In sum, because the Thiessen factors support the finding that Plaintiffs are similarly situated to the members of the proposed class within the meaning of 29 U.S.C. § 216(b), the court grants Plaintiffs’ motion for certification of an FLSA collective action.
C. Washington Class Action under the MWA
Plaintiffs seek to certify the following class to pursue their MWA claim:
All full-time Washington-based employees of Kehe who worked as merchandisers or sales representatives at any time between May 22, 2006 and the date of this motion.
(Compl. ¶ 11.) Plaintiffs clarified at oral argument that during the operative time period, no Washington-based sales representatives serviced stores other than Albertsons.
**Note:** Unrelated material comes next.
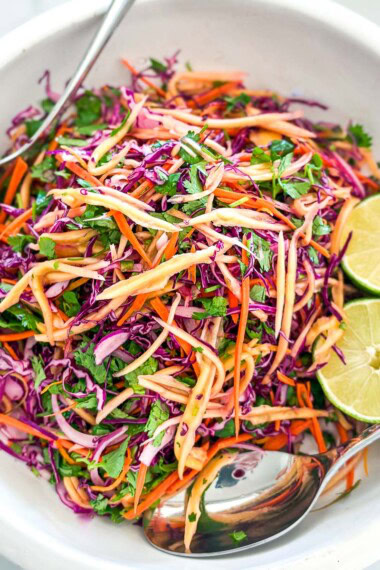 This mango slaw recipe is so refreshing and light! Made with fresh mango, crunchy purple cabbage, red onion, cilantro, and lime, this salad is the perfect summer treat and makes a delicious topping for tacos, bowls, and more!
A district court may certify a class only if: “(1) the class is so numerous that joinder of all members is impracticable; (2) there are questions of law or fact common to the class; (3) the claims or defenses of the representative parties are typical of the claims or defenses of the class; and (4) the representative parties will fairly and adequately protect the interests of the class.” Fed.R.Civ.P. 23(a); see also Rodriguez v. Hayes, 591 F.3d 1105, 1122 (9th Cir.2010). Certification is proper “only if ‘the trial court is satisfied, after a rigorous analysis, that the prerequisites of Rule 23(a) have been satisfied.’” Dukes, 131 S.Ct. at 2551 (quoting Gen. Tel. Co. of Sw. v. Falcon, 457 U.S. 147, 161, 102 S.Ct. 2364, 72 L.Ed.2d 740 (1982)).
In addition to meeting the Rule 23(a) criteria, the party seeking certification must also fall into one of three categories in Rule 23(b). Zinser v. Accufix Research Inst., Inc., 253 F.3d 1180, 1186 (9th Cir.2001), amended by 273 F.3d 1266 (9th Cir.2001). Here, Plaintiffs seek class certification under Rule 23(b)(3) on the basis that “common questions of law or fact common to class members predominate over individual questions affecting only individual members, and ... a class action is superior to other available methods for fairly and efficiently adjudicating the controversy.” Fed.R.Civ.P. 23(b)(3).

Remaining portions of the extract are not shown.